In many cases, the final laying to rest was 40 years in the making.
“Only two of them were from our time owning Merritt Funeral Chapel, since 1988,” Wright explains.
“All the rest of them were pre-1988, that we inherited.”
But, when Wright’s family sold the chapel earlier this year, its new owners didn’t want the decades-old remains passed on to them.
“They wanted a clean slate,” he says.
Under B.C. law, Wright didn’t have to stage a funeral — nor did the chapel need to hold onto the remains as long as it had.
If remains aren’t picked up after a year, the province’s Cremation, Internment and Funeral Service legislation allows a funeral home to throw them out after providing sufficient notice it intends to do so.
However, Wright said that option didn’t sit well with him.
“I didn’t think that was appropriate,” he says, noting the remains were originally supposed to go into a common grave in Kamloops’ Hillside Cemetery.
That vault already holds the remains of 300 people whose ashes were left at Schoening Funeral Service in Kamloops between 1961, when the Wright family took it over, and 1995.
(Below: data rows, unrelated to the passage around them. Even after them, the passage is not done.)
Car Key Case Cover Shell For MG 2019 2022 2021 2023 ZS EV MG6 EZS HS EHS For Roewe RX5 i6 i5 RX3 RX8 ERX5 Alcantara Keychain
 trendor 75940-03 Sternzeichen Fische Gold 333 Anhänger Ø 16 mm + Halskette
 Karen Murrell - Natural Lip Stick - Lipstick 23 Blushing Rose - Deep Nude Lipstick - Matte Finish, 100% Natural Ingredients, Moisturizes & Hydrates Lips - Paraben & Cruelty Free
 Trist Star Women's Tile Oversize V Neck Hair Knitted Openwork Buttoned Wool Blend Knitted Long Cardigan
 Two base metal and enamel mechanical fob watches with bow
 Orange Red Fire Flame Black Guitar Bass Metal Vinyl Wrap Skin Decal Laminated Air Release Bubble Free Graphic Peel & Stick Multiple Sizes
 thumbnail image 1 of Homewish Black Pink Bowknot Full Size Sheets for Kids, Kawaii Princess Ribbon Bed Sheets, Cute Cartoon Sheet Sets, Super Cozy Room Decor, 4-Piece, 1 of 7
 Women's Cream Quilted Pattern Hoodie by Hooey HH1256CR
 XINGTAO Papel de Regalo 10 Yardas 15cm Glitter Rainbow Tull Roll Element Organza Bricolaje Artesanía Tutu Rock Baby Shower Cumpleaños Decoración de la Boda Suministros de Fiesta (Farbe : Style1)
But, before the burial could take place, Wright got a call from a Merritt city councillor, asking that the remains stay local.
“I found it a bit ironic that they went unclaimed for 30, 40 years and then, when it did come time to bury them, that they wanted them buried in Merritt,” he says.
The city agreed to donate a grave and allow the mass burial and the ceremony proceeded.
Wright paid for the opening and closing of the grave and for an impermeable liner, which will keep the remains from becoming damaged.
“We wanted to do it respectfully and I think we achieved that,” he says.
A similar burial is planned for October in Kamloops, involving the remains of eight or 10 people.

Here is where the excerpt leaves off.